Não tem no entanto razão nesta sua pretensão como já de seguida veremos.
Segundo o disposto no artigo 1430º, nº1 do Código Civil a administração das partes comuns de um edifício constituído em propriedade horizontal cabe à assembleia de condóminos e a um administrador eleito por aquela.
A assembleia de condóminos dispõe de poderes para controlar, aprovar e decidir todos os actos de administração, competindo ao administrador – que pode ser por aquela exonerado e a quem presta contas (artigo 1435.º n.º 1, do Código Civil) – dar execução às deliberações da assembleia e, bem assim, tomar todas as providências necessárias e adequadas à conservação do edifício, tudo em defesa do interesse comum de todos os condóminos.
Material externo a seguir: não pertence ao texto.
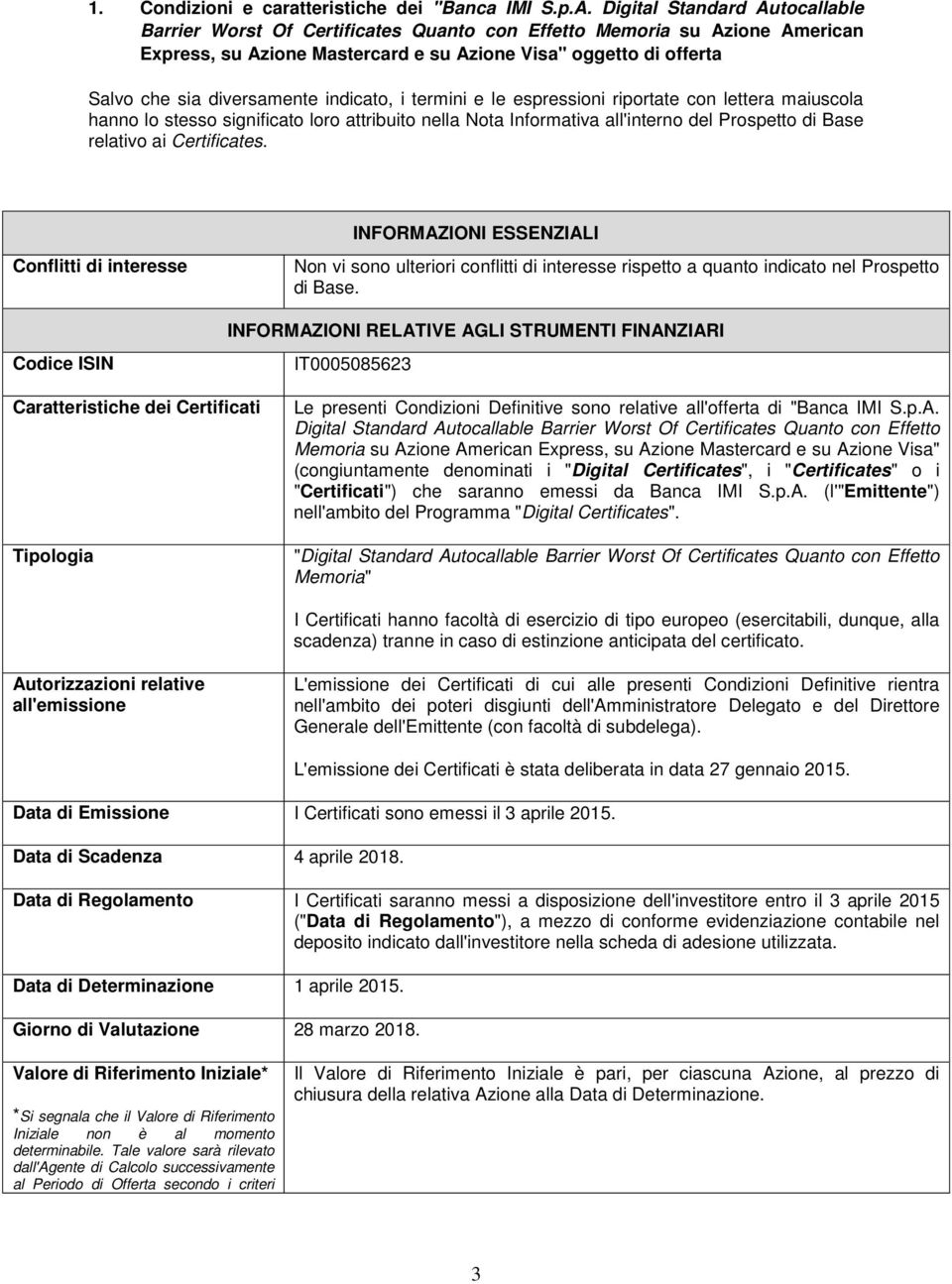 indicato, i termini e le espressioni riportate con lettera maiuscola hanno lo stesso significato loro attribuito nella Nota Informativa all'interno del Prospetto di Base relativo ai Certificates.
De acordo com o artigo 1436.º do citado código comete ao administrador, além de outras que lhe sejam atribuídas pela assembleia, um vasto leque de funções próprias das quais se impõe destacar as de realização dos actos conservatórios dos direitos relativos aos bens comuns (al. f)).
Por actos conservatórios devem entender-se os actos adequados a evitar a degradação ou destruição do conjunto de elementos que integram as suas partes comuns do edifício constituído em propriedade horizontal, segundo a previsão do art.º 1421º do Código Civil.
O administrador do condomínio tem assim o dever de vigiar o estado de conservação das partes comuns do condomínio de sorte a impedir que nele se ocasionem focos danosos, sendo certo que as chaminés existentes no telhado do edifício dos autos são claramente partes comuns do edifício (art.º 1421º, nº 1, al. d), do Código Civil).
Como já vimos, no caso concreto está em causa a responsabilidade civil do administrador do condomínio pelos danos causados ao recorrente, por não ter verificado se as tampas das chaminés existentes no telhado do edifício estavam em bom estado de conservação e devidamente encaixadas.
Perante o conjunto de factos apurados coloca-se a questão de saber se deve aplicar-se ao caso a norma do art.º 493º, nº1, do CC, cuja redacção é, recorde-se, a seguinte:
“Quem tiver em seu poder coisa móvel ou imóvel, com o dever de a vigiar, e bem assim quem tiver assumido o encargo da vigilância de quaisquer animais, responde pelos danos que a coisa ou os animais causarem, salvo se provar que nenhuma culpa houve da sua parte ou que os danos se teriam igualmente produzido, ainda que não houvesse culpa sua”.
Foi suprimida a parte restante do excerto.